Frente a los juzgados de Plaza de Castilla de Madrid se ha congregado un grupo de chicos y chicas que gritan con pancartas en las manos. El retablo que componen este 15 de marzo de 2019, bajo el sol vertical de uno de esos días excitantes y limpios del invierno de Madrid, es el de la horda modernista que revoloteaba alrededor de Max Estrella venida a través de los espejos del callejón del Gato. Quieren atraer la atención de la gente. Bailan en corro como indios que llaman a la lluvia y gritan una consigna extraña: «¡Liberad a nuestro ano!», mientras agitan pancartas ante los peatones para que lean su proclama: «#FREEANO».

Una señora que pasa les desea suerte para ese tal «Fernando». Pero no, ¡señora!, no es Fernando el camarada que declara ante el juez en los intestinos del edificio, y tampoco el esfínter de nadie, por suerte. Ano es Anónimo García, aunque su nombre de guerra se ha quedado fuera, en la calle, junto al diminutivo escatológico que sus amigos usan para referirse a él. En el juzgado solo tiene el nombre de su DNI, que algunos de sus amigos ni siquiera sabrían deletrear.

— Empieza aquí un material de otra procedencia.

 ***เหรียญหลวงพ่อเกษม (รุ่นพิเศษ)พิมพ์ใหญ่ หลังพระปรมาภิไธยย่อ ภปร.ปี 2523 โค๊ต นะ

Aunque trata de conservar su pose irónica, su sonrisa impenetrable y su elocuencia inocentona, sin seudónimo ya no tiene máscara: todo lo demás se descompone. Para alguien habituado al alias, el juzgado ofrece una experiencia de desnudez desapacible. En el banquillo no puede hablar en el idioma retorcido que su grupo bautizó como ultrarracionalismo, y aunque fueron el seudónimo y la ironía los que lo arrastraron ante el juez, no será Anónimo quien pague el pato, sino él, y no lo castigarán por las palabras de su corazón o los actos de su voluntad, sino por una ironía diabólica que Anónimo tejió hasta enredarlo todo.

Hoy el asunto sigue pareciendo una broma, pero su futuro es un laberinto que se construye a cada paso que da. Con las risas y las bromas, Anónimo García ha ocultado a sus camaradas su preocupación. Tal vez se la oculta también a sí mismo, pero lleva unos días durmiendo mal pese a las palabras tranquilizadoras de su abogado. La denuncia es una estupidez, ningún juez le daría bola, lo sabe, pero en su cerebro sigue encendida una alarma desobediente. Un piloto rojo indica que algo va mal. ¿Qué puede ser?

Mientras sus secuaces ultrarracionalistas arman alboroto en la plaza, él trata de estar atento a los detalles del interior del juzgado. El comediante y la víctima de un extraño proceso judicial se escinden en su interior. Una parte de Anónimo tiene tembleque mientras la otra em-pieza a imaginar formas divertidas de contarlo todo cuando salga. Le asombra el desbarajuste que ha encontrado en el interior. Oficinas y almacenes se confunden en pasillos sembrados de puertas con carteles numerados. Solo falta el olor a coliflor recocida y las vecinas vocingleras tendiendo la ropa entre pilas de documentos para completar el escena-rio de El proceso de Kafka.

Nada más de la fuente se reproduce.